Los derechos, desde la visión positiva y moderna, son el acceso a las libertades y recursos que en teoría todas las personas deberíamos gozar solo por el hecho de nacer, en el caso de los derechos humanos, o para ejercer un trabajo, en el caso de los derechos laborales. Desde el Imperio romano, filósofos y juristas han especulado sobre cuáles deben ser los derechos base para el correcto funcionamiento de una sociedad.

Sin embargo, desde enfoques críticos, el discurso sobre el Estado de derecho y el iusnaturalismo moderno, europeo y liberal, constituye únicamente el velo detrás del cual se esconde el colonialismo y la explotación. De este modo, el acceso a ciertos derechos fundamentales —como la vivienda, el agua, un medio ambiente sano o la justicia— depende, en realidad, del capital económico y político de la persona, lo que contradice la definición misma de “derecho”.

Entre los llamados “derechos de nueva generación” destaca uno en particular, que contrapone dos clases de ciudadanía: la rural y la urbana. Se trata del “derecho a la ciudad”. Cabe notar que rara vez —o nunca— se habla del derecho al campo.
Este supuesto derecho parte de la idea de que las ciudades concentran la mayor cantidad de ofertas económicas, sociales, culturales y educativas, y que, por tanto, la ciudadanía debe tener acceso pleno a estos servicios.

En principio, todo parece razonable: ir a museos, obras de teatro o contar con transporte público, ciclovías y espacios públicos es parte de la vida moderna, y pocas personas podrían negarse a disfrutar de esos bienes. Sin embargo, así como el discurso liberal esconde la explotación detrás del velo del Estado de derecho, la ciudad moderna oculta sus pilares materiales y simbólicos detrás de una red de mercancías que buscan invisibilizar la verdad que le da sustento.

Esa verdad es el campo, el territorio, el trabajo agropecuario, los bienes comunes naturales convertidos en recursos y mercancías, y finalmente, el sacrificio de todos estos ciclos vitales y de las comunidades que los sostienen.

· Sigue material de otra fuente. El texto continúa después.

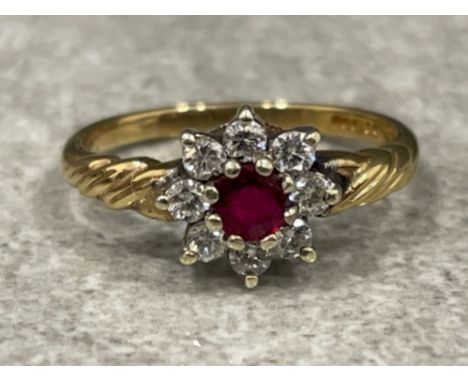 Ladies 9ct gold Ruby and Diamond cluster ring. Comprising of a Round cut Ruby surrounded by 8 round brilliant cut diamonds. S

Son estos territorios rurales, naturales y periféricos los que sufren los efectos más nocivos del extractivismo y del capitalismo, mientras las ciudades se alimentan de su despojo. No hablamos solo de museos o teatros, sino de la gran industria que sostiene al capital financiero nacional e internacional, que necesita de las ciudades como centros de poder colonial.

El llamado “derecho a la ciudad” se revela así como una falacia argumentativa del capital financiero: un disfraz ideológico que encubre su verdadero principio, el derecho al sacrificio.
El sacrificio del territorio, del campo, del agua, del aire y de los cuerpos; el sacrificio de las comunidades que aún sostienen los vínculos con la tierra, para mantener la ficción de un sistema urbano insostenible e injusto.
Bajo el discurso del progreso y los derechos urbanos se perpetúa, en realidad, el derecho de unos pocos a seguir extrayendo, consumiendo y destruyendo lo que queda de lo común.